The rms speed of an ideal gas is $v_{\text{rms}}$ = $\sqrt{\frac{3RT}{M} }$ and the kinetic energy is $E_\text{k} = \frac32RT$. From this, it is concluded that the speed is mass dependent, while the kinetic energy isn't.
This doesn't make sense to me. I know the speed and kinetic energy for things other than ideal gases are surely mass dependent. The heavier an object is, the slower it is and will have a bigger kinetic energy. Why isn't this true for ideal gases?
As the mass increases, the velocity decreases, yes that is true. But how does the kinetic energy remain the same?
The increment in the mass is balanced by the decrement in the velocity. In other words, the velocity changes as the mass changes in such a manner that the kinetic energy of the molecules of the gas will remain to be same no matter what. It's something like the multiplication of two variables always giving the same constant value. Keeping in mind that this is true in an ideal environment.

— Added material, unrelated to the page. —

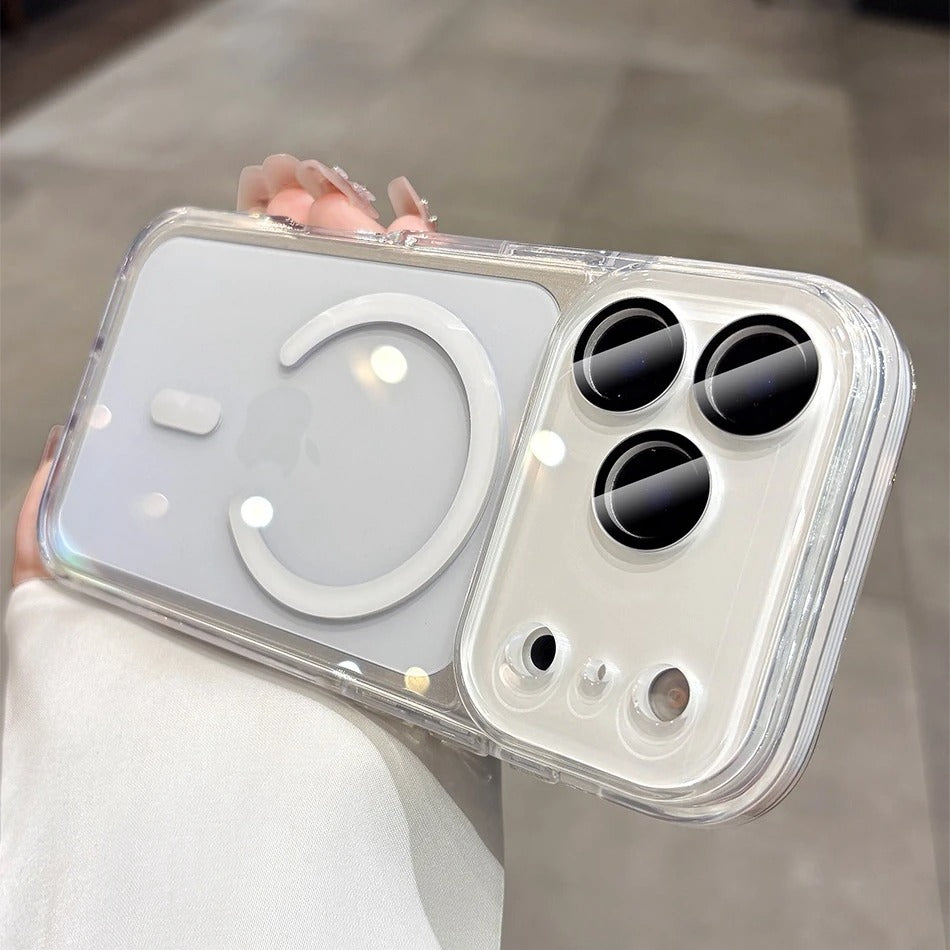 Luxury iPhone Case — Transparent MagSafe Clear PC Cover with Shockproof TPU Bumper, Anti-Fingerprint Anti-Scratch Dustproof Lightweight Design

We start with two samples of pure gas, one containing molecules of A (the larger molecule) and one containing molecules of B (the smaller molecule) with the same average speed (it will turn out that gas A has the higher temperature). If you mix these samples, their kinetic energy (per degree of translation freedom) will be different at first. However, they will quickly achieve thermal equilibrium. This means that the energy transfer in collisions between molecules of A and molecules of B average out. In a collision between a bat (molecule A) and a baseball (molecule B) coming at each other at the same speed, there is a kinetic energy transfer from bat to ball (the bat slows own a bit, the ball speeds up - if we assume an elastic collision).
Here is a simulation that shows one diatomic molecule and many monoatomic molecules. The diatomic is a bit slower on average.
The answer can be $$Speed \propto1/√m$$ And$$ K.E. = 1/2mv^2$$. Finally m will cut, and therefore K.E. does not depend on mass.